Made in USA
Art is eminently political. Towards the end of the Second World War, when Europe had been bled dry and the way was paved for new forms of expression that were “made in the USA”, like the abstract expressionism of artists like Pollock and Rothko, the most powerful theorist of the time across the Atlantic, Clement Greenberg, categorically refuted the idea of any French influence on these nascent movements.
Accusing surrealism
In 1944 Clement Greenberg even accused surrealist painting of “promoting the rehabilitation of academic art under a new literary disguise”.
Eric de Chassey
An exceptional exhibition is currently on view not in New York or in Paris, but in Marseille, directed by the art historian Eric de Chassey, who reshuffles the deck and reveals the links between the new world and the old, before and after the global conflict. According to him, there were two major figures who played a key role across the Atlantic in relation to surrealism.
Duchamp, Dali
These were Marcel Duchamp, who visited the States regularly from 1915 onwards, and Salvador Dali, who was even employed by Hollywood.
Villa Air Bel
But the story well and truly begins in Marseille in 1940, when the surrealists, led by André Breton, found a refuge in the Villa Air Bel on the outskirts of the city while awaiting their departure for America by boat.
Games
This community, thrown together by circumstance, also included Max Ernst, Leonora Carrington, and Wifredo Lam… and to keep their anxiety at bay they collectively created graphic games, before regrouping – most of them at least – on the other side of the Atlantic. In Marseille we can see their beautiful “exquisite corpse” drawings and other tarots revisited from Marseille, which now belong to municipal collections.
Harold Lehman
Surrealism was not completely unknown in New York, since there was a local offshoot of the movement (see the extraordinary “Portrait of a Dancer Plus a Sculptor” by Harold Lehman in 1934).
Fantastic art
The American artist Joseph Cornell was the first to produce his “worlds in a box”, containing miniature universes, in 1931. The movement itself, theorized with authority by André Breton, was the subject of an exhibition at Moma in New York in 1936 entitled “Fantastic Art Dada, Surrealism”.

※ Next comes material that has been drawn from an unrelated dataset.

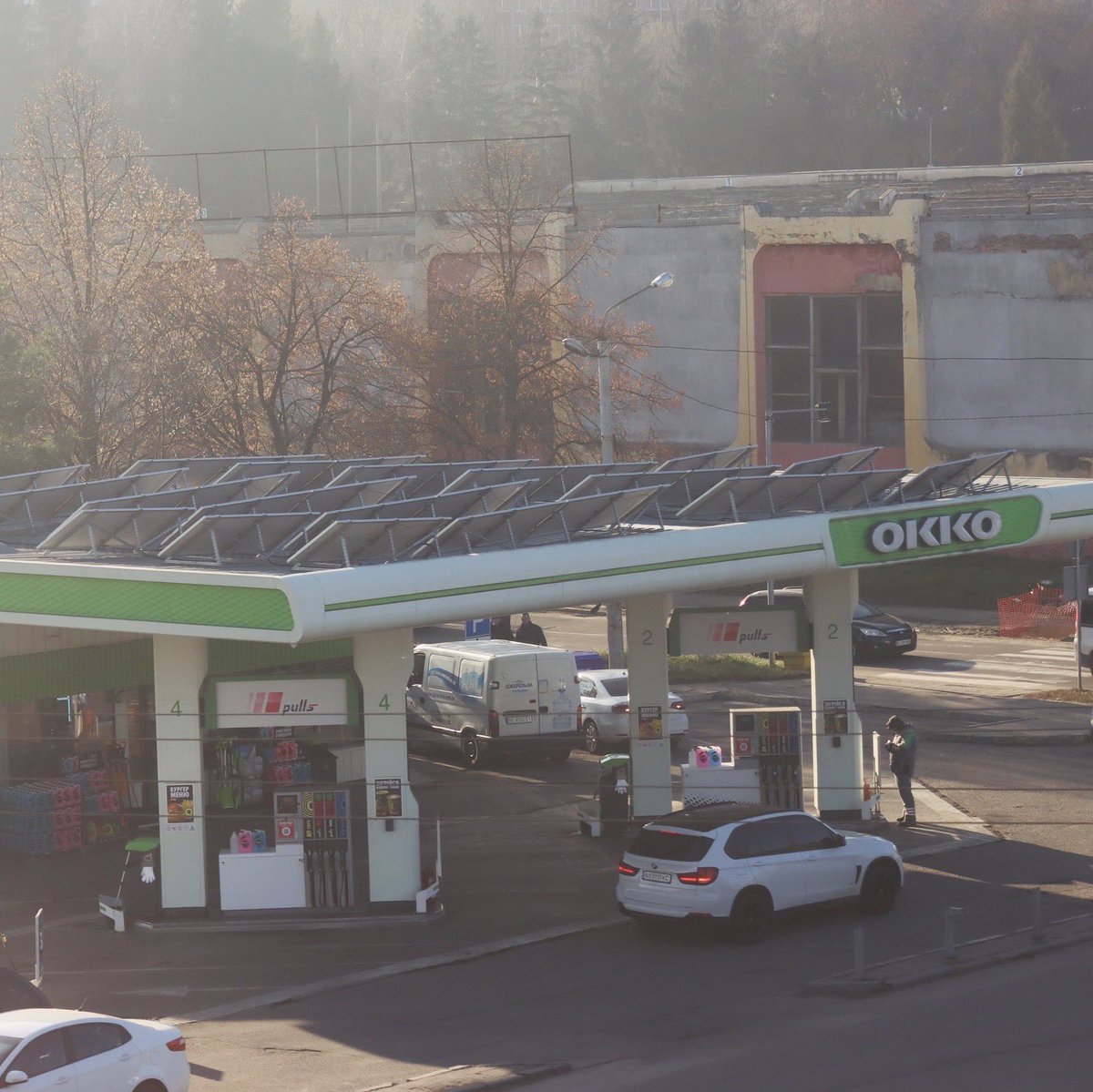 balkonsolar's tweet photo. #solarenergy war schon vor dem #ukrainekrieg ein Thema: Es gibt #einspeisevergütung - jetzt geht es allerdings vorallem um #Energiesicherheit.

Julien Levy, Pierre Matisse
It was also showcased by the specialist gallery run by Julien Levy who staged an early Dali show in 1933, among others. Pierre Matisse, the New York dealer and son of the painter (see the exhibition dedicated to him at the Matisse Museum in Nice) was a great champion of Joan Miro, among others.
Matta and Motherwell
A number of European artists fled to New York during the war, where they were in permanent dialogue with the young locals. Roberto Matta ran workshops with Pollock and Motherwell, while Breton included Arshile Gorky in his movement.
Rothko, Pollock
At the exhibition in Marseille the canvases from 1941-42 by Rothko and from 1945 by Pollock leave no doubt as to the aesthetic influence of the surrealists.
Louise Bourgeois
Louise Bourgeois officially rejects having been influenced by the group, which she did nonetheless frequent during this period, but her oblong wooden forms from the late 1940s resemble supernatural figures.
Claes Oldenburg
James Rosenquist
Dali said of the Pop artist Claes Oldenburg, who made huge soft sculpture objects, that they resembled his melting clocks.
Andy Warhol
And Andy Warhol attended the first retrospective of Marcel Duchamp in 1966 in Pasadena. He also featured the master of the readymade in one of his screen tests, a video portrait with no sound. At the Marseille exhibition there is a proliferation of striking examples.
Art history
The history of 20th century art is gradually starting to be revisited, detached at long last from national interests.